[The records — start]

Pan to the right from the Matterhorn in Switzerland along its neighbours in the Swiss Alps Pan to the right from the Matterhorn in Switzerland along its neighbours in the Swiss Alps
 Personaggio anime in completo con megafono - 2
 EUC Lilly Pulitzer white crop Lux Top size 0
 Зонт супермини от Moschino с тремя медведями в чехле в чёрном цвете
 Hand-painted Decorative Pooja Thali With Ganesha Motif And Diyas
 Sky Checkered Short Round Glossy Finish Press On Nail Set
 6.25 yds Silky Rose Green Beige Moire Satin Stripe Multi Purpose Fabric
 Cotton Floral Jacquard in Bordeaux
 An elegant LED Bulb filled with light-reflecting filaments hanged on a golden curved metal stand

[The records — finish]

◆ **Assignment**
Exactly the lines from the one containing "6.25 yds Silky" through the end of the entries above must be output, and no others.

◆ **Your response**
 6.25 yds Silky Rose Green Beige Moire Satin Stripe Multi Purpose Fabric
 Cotton Floral Jacquard in Bordeaux
 An elegant LED Bulb filled with light-reflecting filaments hanged on a golden curved metal stand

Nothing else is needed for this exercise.